A.— [Lang. des enfants ou des adultes parlant à des enfants] Poule. Dans un clair rayon de boue, Fait la roue, — Plume et queue — une Cocotte Qui barbotte (T. CORBIÈRE, Les Amours jaunes, Après la pluie, 1873, p. 32).
1. P. ext.
a) Cocotte (en papier). Pliage représentant schématiquement une poule. Il ricanait sans raison, il faisait des cocottes en papier (CÉLINE, Mort à crédit, 1936, p. 94) :
• 1. Paris a mis entre leurs mains [des gens d'esprit des romans de Balzac] toutes les idées; ils polissonnent avec elles, à la façon des sceptiques et des enfants qui, volontiers, feraient des cocotes avec une Charte ou un Évangile.
TAINE, Nouv. Essais de crit. et d'hist., 1865, p. 53.
b) Les deux cocottes. Le chiffre 22, à cause de sa ressemblance très approximative avec deux poules qui se suivent. Le numéro de ma chambre d'hôtel : 22 « les deux cocottes » m'a rappelé Dumur (LÉAUTAUD, Journal littér., 2, 1907-09, p. 288; cf. aussi A. FRANCE, Le Petit Pierre, 1918, p. 145).
2. Emplois spéc. [P. réf. à l'aspect extérieur ou à certaines habitudes de la poule]
a) COUT. Feston ourlant un ouvrage et cranté à la manière d'une crête de poule. Sa combinaison blanche, ourlée au point cocotte (H. BAZIN, La Mort du petit cheval, 1949, p. 88).
b) MÉD., lang. fam. ou arg.
— Blépharite; blennoragie. L'ai-je eue assez de fois, la cocotte (Lemercier de Neuville ds LARCH. 1872, p. 98).
— MÉD. VÉTÉR. Fièvre aphteuse des bovidés. Ses bêtes ont la cocotte (RENARD, Journal, 1901, p. 687).

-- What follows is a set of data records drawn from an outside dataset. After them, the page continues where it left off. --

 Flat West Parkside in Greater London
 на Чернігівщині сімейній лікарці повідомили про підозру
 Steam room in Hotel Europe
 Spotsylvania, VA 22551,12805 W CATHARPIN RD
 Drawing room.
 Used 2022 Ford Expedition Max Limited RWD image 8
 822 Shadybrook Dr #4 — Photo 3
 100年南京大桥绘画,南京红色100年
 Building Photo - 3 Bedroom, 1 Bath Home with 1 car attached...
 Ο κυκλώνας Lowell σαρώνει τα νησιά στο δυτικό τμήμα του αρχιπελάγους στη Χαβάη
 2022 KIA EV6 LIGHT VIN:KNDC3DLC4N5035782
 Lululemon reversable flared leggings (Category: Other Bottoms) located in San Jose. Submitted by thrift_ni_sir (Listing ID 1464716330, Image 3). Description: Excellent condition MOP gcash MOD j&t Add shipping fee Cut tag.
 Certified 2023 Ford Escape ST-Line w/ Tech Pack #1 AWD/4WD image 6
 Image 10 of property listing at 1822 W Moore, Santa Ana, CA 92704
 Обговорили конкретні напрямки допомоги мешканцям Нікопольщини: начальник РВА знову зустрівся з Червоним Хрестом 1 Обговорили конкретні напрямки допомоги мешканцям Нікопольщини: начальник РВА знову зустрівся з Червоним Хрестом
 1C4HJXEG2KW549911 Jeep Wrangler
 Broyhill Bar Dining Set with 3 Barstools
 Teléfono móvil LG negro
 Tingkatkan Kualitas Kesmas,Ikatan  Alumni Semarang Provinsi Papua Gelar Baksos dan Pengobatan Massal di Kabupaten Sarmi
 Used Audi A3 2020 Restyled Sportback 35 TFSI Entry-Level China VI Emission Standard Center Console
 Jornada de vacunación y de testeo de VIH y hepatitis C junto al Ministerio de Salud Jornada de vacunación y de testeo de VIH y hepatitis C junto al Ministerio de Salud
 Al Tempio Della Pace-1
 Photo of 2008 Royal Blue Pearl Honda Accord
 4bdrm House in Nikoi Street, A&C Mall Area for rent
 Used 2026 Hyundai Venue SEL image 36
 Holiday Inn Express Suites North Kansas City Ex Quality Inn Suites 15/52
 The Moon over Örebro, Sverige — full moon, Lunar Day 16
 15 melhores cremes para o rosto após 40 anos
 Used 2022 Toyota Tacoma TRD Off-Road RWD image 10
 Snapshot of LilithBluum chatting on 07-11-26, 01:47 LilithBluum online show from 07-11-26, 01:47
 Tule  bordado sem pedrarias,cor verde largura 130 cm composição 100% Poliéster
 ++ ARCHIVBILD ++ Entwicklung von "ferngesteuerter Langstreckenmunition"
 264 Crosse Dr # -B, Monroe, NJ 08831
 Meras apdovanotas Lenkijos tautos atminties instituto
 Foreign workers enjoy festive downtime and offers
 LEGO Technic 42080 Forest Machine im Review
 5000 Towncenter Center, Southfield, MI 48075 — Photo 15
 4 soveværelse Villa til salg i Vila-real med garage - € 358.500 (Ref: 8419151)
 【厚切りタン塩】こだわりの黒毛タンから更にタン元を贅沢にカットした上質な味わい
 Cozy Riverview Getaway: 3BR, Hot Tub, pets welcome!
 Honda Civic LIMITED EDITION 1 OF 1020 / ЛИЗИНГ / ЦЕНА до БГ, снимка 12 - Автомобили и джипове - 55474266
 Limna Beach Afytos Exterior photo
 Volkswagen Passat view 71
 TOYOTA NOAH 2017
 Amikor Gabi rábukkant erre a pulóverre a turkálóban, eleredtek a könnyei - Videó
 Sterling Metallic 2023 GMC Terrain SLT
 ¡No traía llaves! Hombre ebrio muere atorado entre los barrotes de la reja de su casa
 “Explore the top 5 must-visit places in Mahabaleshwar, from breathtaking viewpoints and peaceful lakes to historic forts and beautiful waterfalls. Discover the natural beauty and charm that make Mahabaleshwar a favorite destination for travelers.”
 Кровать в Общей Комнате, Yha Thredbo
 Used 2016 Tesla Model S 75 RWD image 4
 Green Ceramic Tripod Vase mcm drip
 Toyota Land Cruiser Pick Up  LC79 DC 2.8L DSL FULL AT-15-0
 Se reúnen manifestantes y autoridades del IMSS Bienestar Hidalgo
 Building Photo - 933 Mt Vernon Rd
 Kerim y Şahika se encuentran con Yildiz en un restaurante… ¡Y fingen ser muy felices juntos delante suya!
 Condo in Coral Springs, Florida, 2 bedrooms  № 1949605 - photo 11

c) MUS. [P. réf. au cri de la poule] Suite de notes piquées dans le registre le plus haut (d'apr. Nouv. Lar. ill. Suppl. 1907). D'adroits chanteurs l'utilisent [le coup de glotte] (...) pour les « cocottes », pour les pizzicatti (A. WICART, Les Puissances vocales, Le Chanteur, t. 2, 1931, p. 228).
B.— P. anal.
1. [En constr. d'apostrophe] Terme d'affection que l'on donne à une petite fille ou à une femme aimée lorsqu'on s'adresse à elle :
• 2. Madeleine. — (...) nous avons eu bien du mal à ne pas éclater de rire; c'était à en faire craquer tous ses boutons. C'qu'ils s'en sont donné!!! Et des « Mon amour » et des « Ma p'tite cocotte en sucre » et des « Mon ange blond! »
J. LÉVY, Gosses de Paris, 1898, p. 55.
— Rare. Appellatif familier adressé à une jument. « Hue, cocotte! » Et Cocotte trottait d'un trot bien peu normal (PONCHON, La Muse au cabaret, Collignonne, 1920, p. 182).
2. Vieilli, péj. Femme de mœurs légères richement entretenue (cf. poule). Des désirs de cocotte (E. et J DE GONCOURT, Journal, 1874, p. 989) :
• 3. Je vieillis sans raison, Coco, entre des vaisselles et des torchons, alors que, comme tant d'autres, j'aurais dû utiliser mon brevet supérieur, et devenir une cocotte richement entretenue et prendre l'air dans un huit-ressorts sur le Prado.
MIOMANDRE, Écrit sur de l'eau, 1908, p. 147.
— Sentir, puer la cocotte. Sentir le parfum de mauvaise qualité dont usent les cocottes de bas étage (cf. cocot(t)er2) :
• 4. Chaque soir en rentrant, le fonctionnaire grommelait :
— Ça sent la cocotte, ici. Et, pour « purifier l'atmosphère », il ouvrait la fenêtre, bien que ce printemps fût pluvieux et froid.
MAURIAC, Destins, 1926, p. 43.
Rem. [En constr. d'appos. avec valeur d'adj.] Rare. Ce luxe cocotte (COLETTE, Claudine à Paris, 1901, p. 188).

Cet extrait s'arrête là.